> Task details: With the pictures left out, restate exactly the part below that opens with the line containing "2024年券商營收、凈利齊創" and closes with the line containing "Infographic showing five".

> Raw data:
==============================
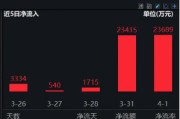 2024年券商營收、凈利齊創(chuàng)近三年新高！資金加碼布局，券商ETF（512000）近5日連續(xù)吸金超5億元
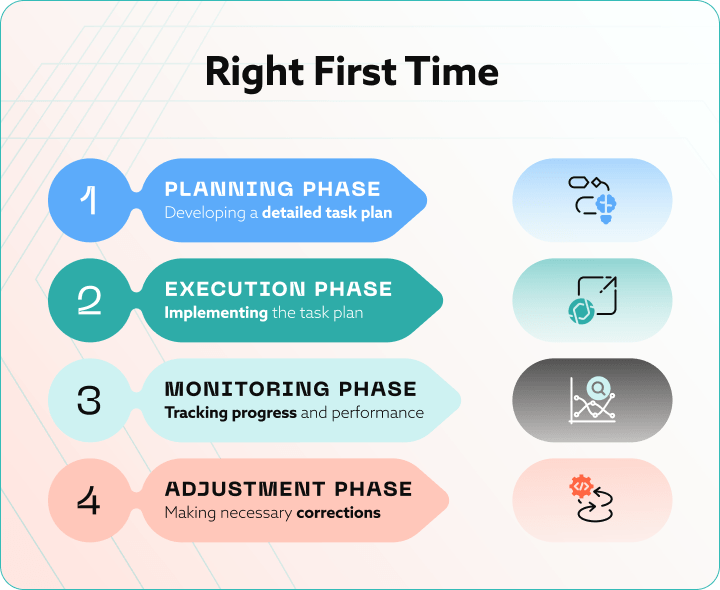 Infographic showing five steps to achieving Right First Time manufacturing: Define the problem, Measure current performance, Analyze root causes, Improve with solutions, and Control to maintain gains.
==============================
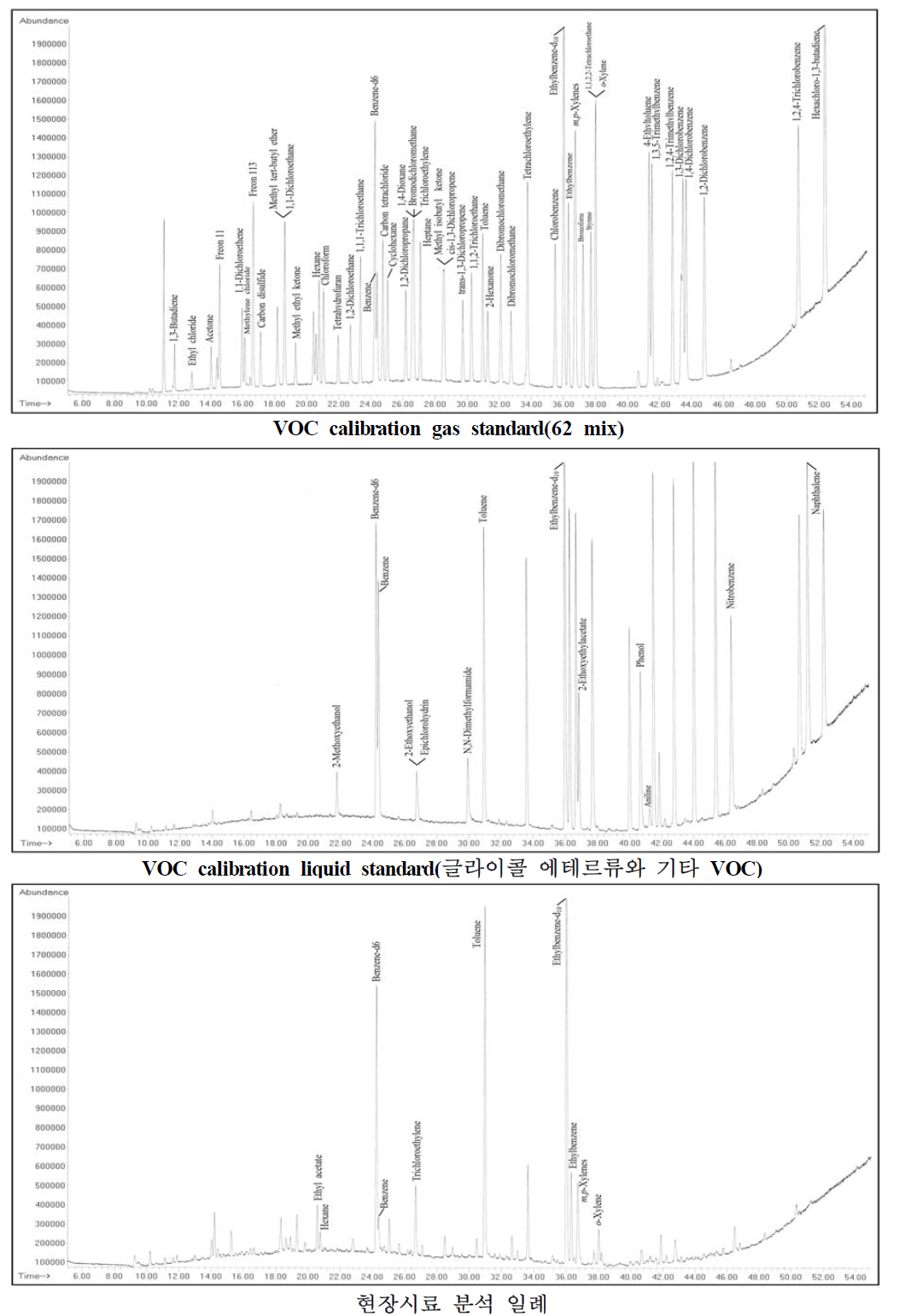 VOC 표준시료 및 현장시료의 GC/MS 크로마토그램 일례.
==============================
> Answer below:
 2024年券商營收、凈利齊創(chuàng)近三年新高！資金加碼布局，券商ETF（512000）近5日連續(xù)吸金超5億元
 Infographic showing five steps to achieving Right First Time manufacturing: Define the problem, Measure current performance, Analyze root causes, Improve with solutions, and Control to maintain gains.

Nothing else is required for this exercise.